Multiple values should be specified using two parameters, eg for jobs in Lewes or Eastbourne use ?locations=Lewes&locations=Eastbourne.

Umbraco document types for jobs

A series of Umbraco document types and templates can be used to build up a jobs site from Umbraco content. These could work with any implementation of IJobsDataProvider and have properties to connect one page to another (for example, the search page to the search results page) rather than hard-coding the connections between them. This has three advantages:

  • Umbraco users can create their own information architecture for jobs
  • Parallel sites can be created for public jobs and redeployment jobs
  • Features are be turned on or off on each page depending on which connections have been made. For example, linking from the search results page to the RSS feed enables a link to the results of the same search as RSS.

A typical structure for a set of jobs pages would be:

  • Home
    • Jobs ('Jobs' document type)
      • Search for jobs ('Jobs search' document type)
        • Job search results ('Jobs search results' document type)
      • Job advert ('Job advert' document type)
      • Jobs RSS ('Jobs feed' document type using 'Jobs RSS feed' template)
      • Report missing jobs data ('Problem jobs RSS feed' document type)
      • Feed for Indeed.com ('Jobs feed' document type using 'Jobs feed as Indeed XML' template)
      • Change or cancel a job alert ('Job alerts' document type)

For this structure to work you must remember to connect the pages together by completing the appropriate properties (for example, the 'Search for jobs' page has a 'Search results page' property where you need to select the 'Job search results' page).

Just one instance of the Job advert document type is required to display any job. This works because the JobAdvertContentFinder, hooked up in JobAdvertEventHandler, recognises the URL of this page when it has an id and job title appended. For example when /job-advert is accessed as /job-advert/12345/teacher-at-example-school.

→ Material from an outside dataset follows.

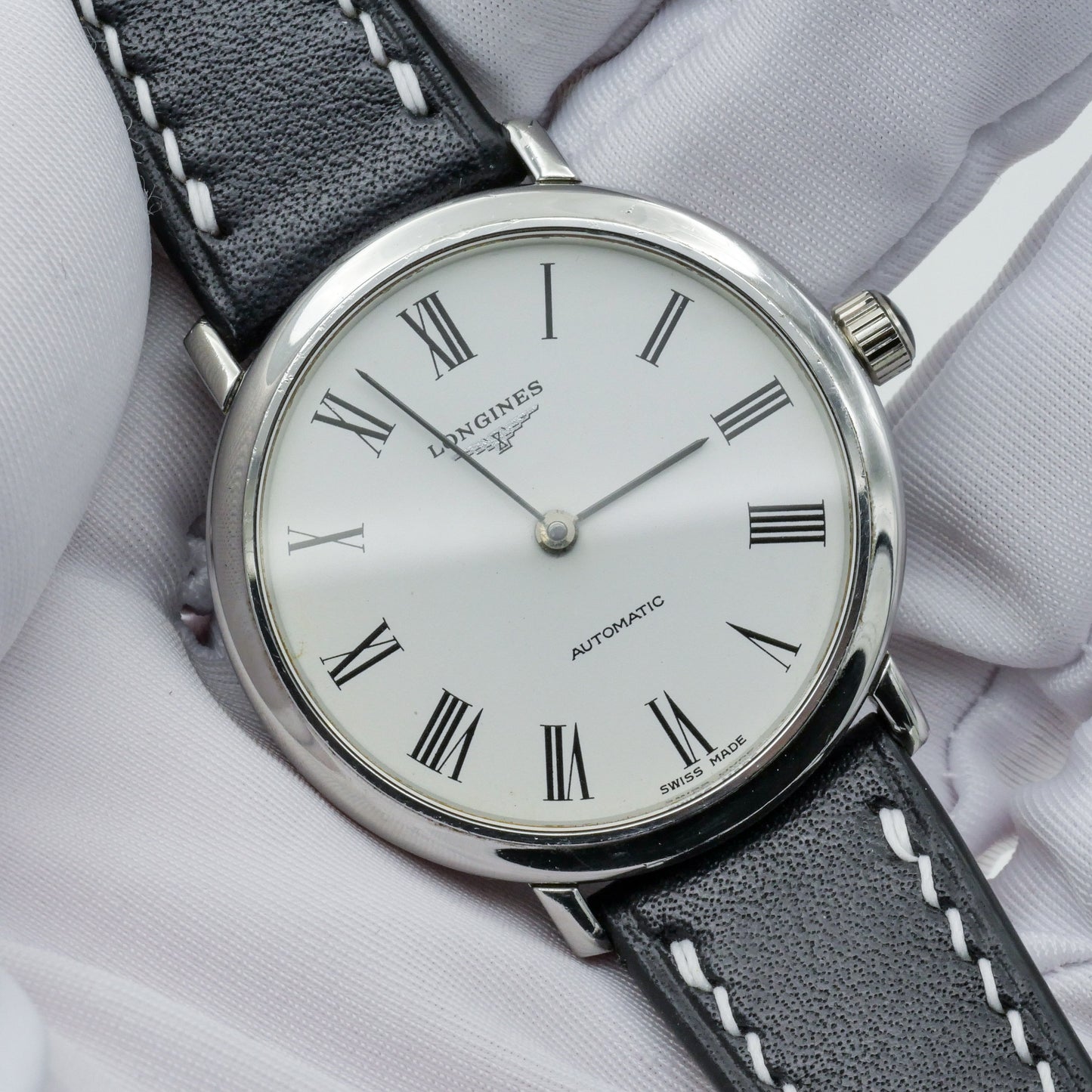 LONGINES AUTOMATIC REF. 4120-1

The id is used to look up and display the job, and the job title (and anything else after the id) is there purely for SEO and use in analytics.

Tabs on job adverts

The Job advert template includes tabs at the bottom of the page. If you resize your browser you will see this change to an accordion at small screen sizes. This works using accordion-and-tabs.js in the Escc.EastSussexGovUK project.

JobAdvert.cshtml uses Escc.ClientDependencyFramework to locate this file in web.config. The entry in web.config comes from the Escc.EastSussexGovUK.ClientDependency NuGet package in the Escc.EastSussexGovUK project.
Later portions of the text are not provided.